Ada Temuan Perbedaan Data Pemilih, Bawaslu Jabar Sebut Akan Dimasukan ke DPK

JABARNEWS | BANDUNG – Badan Pengawas Pemilu (Bawaslu) Jawa Barat memenukan adanya perbedaan data pemilih di Pilkada Serentak 2020 dan akan dimasukan ke Daftar Pemilih Khusus (DPK).

Koordinator Divisi Penyelesaian Sengketa Bawaslu Jabar, Yulianto mengatakan pihaknya mendukung supervisi hajat Pilkada di Jabar.

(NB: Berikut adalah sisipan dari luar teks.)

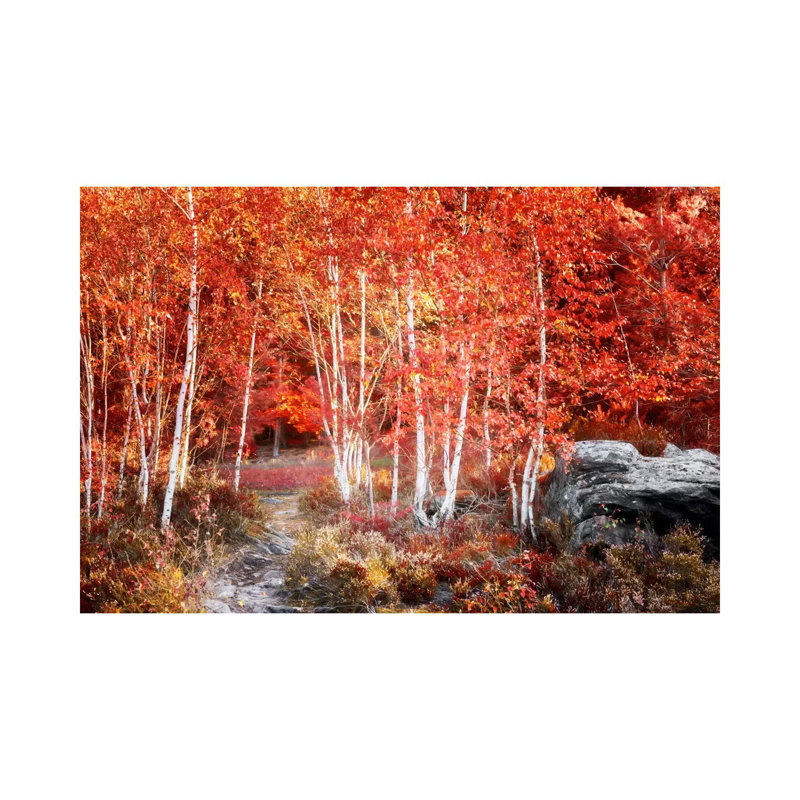 Birches Garden 1 Piece Wall Art on Canvas, 20.32 cm H x 30.48 cm W, Wrapped Canvas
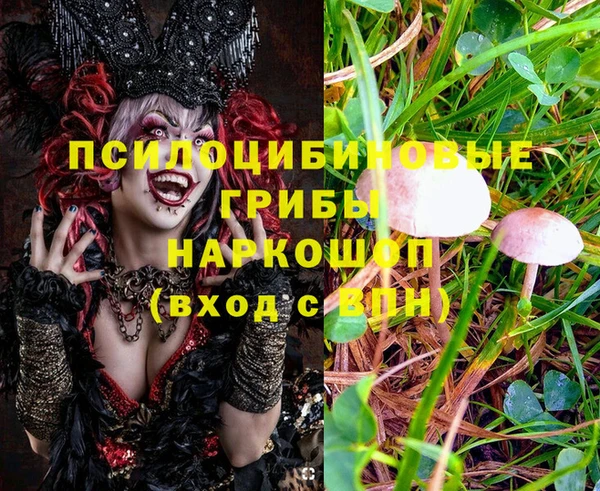 мет Нея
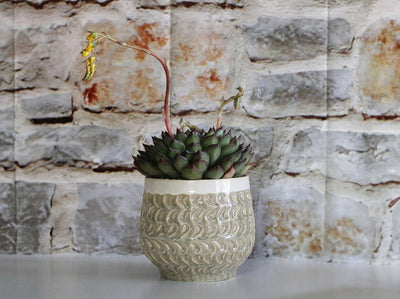 Tear Drop Planter Cup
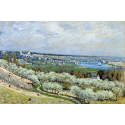 Reprodukcje obrazów The Terrace at Saint-Germain, Spring - Alfred Sisley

Dia juga mengakui bahwa ada beberapa selisih angka di lapangan yang ditemukan oleh Bawaslu, dari data KPU.

“Adanya perbedaan data-data terkait dengan pemilih pada saat pemilu terakhir itu masuk ke daftar pemilih khusus,” kata Yulianto di Bandung, Senin (21/9/2020).

Baca Juga:  Mahasiswa Unisba Harus Baca Info Ini

Menurutnya, pemilih yang tidak terdaftar dalam Daftar Pemilih Tetap (DPT) Pemilu 2019, tetap bisa memilih sesuai kententuan yang ada dengan menunjukkan KTP-elektonik untuk menggunakan hak pilihnya.

“Nah, ini tidak sempat tercatat secara utuh atau dokumennya tidak ditemukan dan ditemukan namun dokumennya tidak lengkap,” ucapnya.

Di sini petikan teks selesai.